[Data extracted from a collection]
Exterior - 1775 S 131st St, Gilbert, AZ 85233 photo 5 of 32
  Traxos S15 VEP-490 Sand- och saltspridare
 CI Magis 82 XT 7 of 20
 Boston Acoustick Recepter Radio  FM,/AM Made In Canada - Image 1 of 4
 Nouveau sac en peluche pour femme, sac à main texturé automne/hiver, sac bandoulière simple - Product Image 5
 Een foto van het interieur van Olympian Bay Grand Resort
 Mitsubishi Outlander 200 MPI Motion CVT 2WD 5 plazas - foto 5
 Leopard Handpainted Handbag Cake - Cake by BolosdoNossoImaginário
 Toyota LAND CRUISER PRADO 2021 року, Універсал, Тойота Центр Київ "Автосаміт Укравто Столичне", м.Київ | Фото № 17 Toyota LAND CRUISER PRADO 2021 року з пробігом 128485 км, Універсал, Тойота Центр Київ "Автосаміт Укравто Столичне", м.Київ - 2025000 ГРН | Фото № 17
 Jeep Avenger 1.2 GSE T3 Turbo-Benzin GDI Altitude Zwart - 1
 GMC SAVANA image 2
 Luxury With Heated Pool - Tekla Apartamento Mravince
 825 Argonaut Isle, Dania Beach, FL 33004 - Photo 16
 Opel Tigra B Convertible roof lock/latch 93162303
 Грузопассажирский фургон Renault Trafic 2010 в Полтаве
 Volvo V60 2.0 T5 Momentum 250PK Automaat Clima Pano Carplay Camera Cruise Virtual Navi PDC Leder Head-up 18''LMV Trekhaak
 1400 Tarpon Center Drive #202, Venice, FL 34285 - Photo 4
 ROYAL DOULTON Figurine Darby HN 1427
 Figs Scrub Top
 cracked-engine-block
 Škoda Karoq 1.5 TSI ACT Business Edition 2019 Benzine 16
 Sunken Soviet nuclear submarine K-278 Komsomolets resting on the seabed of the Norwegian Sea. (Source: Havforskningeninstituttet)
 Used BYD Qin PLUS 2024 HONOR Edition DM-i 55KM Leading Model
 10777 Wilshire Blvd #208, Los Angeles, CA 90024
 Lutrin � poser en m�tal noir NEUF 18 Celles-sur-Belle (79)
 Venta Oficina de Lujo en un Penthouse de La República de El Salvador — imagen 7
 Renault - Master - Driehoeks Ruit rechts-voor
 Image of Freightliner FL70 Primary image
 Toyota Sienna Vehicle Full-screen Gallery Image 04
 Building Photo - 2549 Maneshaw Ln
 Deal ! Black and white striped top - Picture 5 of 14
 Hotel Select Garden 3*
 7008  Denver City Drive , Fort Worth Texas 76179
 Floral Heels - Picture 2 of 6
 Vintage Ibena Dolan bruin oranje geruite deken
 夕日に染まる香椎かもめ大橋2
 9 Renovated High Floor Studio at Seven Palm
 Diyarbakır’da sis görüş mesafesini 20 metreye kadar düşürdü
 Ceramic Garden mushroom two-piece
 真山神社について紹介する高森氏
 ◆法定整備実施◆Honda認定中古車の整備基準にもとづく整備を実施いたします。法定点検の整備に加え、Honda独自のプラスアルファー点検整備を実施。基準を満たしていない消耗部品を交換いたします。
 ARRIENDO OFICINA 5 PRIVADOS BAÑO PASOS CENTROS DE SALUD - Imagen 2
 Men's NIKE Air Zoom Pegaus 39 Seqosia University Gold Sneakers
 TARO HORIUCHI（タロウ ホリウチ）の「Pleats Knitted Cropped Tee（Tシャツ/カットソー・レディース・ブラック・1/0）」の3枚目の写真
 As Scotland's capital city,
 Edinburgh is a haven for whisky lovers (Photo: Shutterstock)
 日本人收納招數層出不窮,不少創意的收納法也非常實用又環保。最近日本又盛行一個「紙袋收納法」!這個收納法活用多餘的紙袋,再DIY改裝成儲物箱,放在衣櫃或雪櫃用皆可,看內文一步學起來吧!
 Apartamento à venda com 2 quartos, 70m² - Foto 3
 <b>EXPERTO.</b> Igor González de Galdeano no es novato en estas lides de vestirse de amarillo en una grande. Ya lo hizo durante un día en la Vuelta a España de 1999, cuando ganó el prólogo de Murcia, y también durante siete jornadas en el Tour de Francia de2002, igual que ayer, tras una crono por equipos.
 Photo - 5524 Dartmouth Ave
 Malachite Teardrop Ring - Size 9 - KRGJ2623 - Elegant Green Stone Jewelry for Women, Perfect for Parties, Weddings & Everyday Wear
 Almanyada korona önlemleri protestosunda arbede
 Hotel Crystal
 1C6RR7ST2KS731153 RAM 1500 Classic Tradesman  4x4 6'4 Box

● **Work required**
Only the lines from the line with "日本人收納招數層出不窮,不少" to the final line of the entries are to be returned, each exactly as written, both ends included.

● **Answer for this exercise**
 日本人收納招數層出不窮,不少創意的收納法也非常實用又環保。最近日本又盛行一個「紙袋收納法」!這個收納法活用多餘的紙袋,再DIY改裝成儲物箱,放在衣櫃或雪櫃用皆可,看內文一步學起來吧!
 Apartamento à venda com 2 quartos, 70m² - Foto 3
 <b>EXPERTO.</b> Igor González de Galdeano no es novato en estas lides de vestirse de amarillo en una grande. Ya lo hizo durante un día en la Vuelta a España de 1999, cuando ganó el prólogo de Murcia, y también durante siete jornadas en el Tour de Francia de2002, igual que ayer, tras una crono por equipos.
 Photo - 5524 Dartmouth Ave
 Malachite Teardrop Ring - Size 9 - KRGJ2623 - Elegant Green Stone Jewelry for Women, Perfect for Parties, Weddings & Everyday Wear
 Almanyada korona önlemleri protestosunda arbede
 Hotel Crystal
 1C6RR7ST2KS731153 RAM 1500 Classic Tradesman  4x4 6'4 Box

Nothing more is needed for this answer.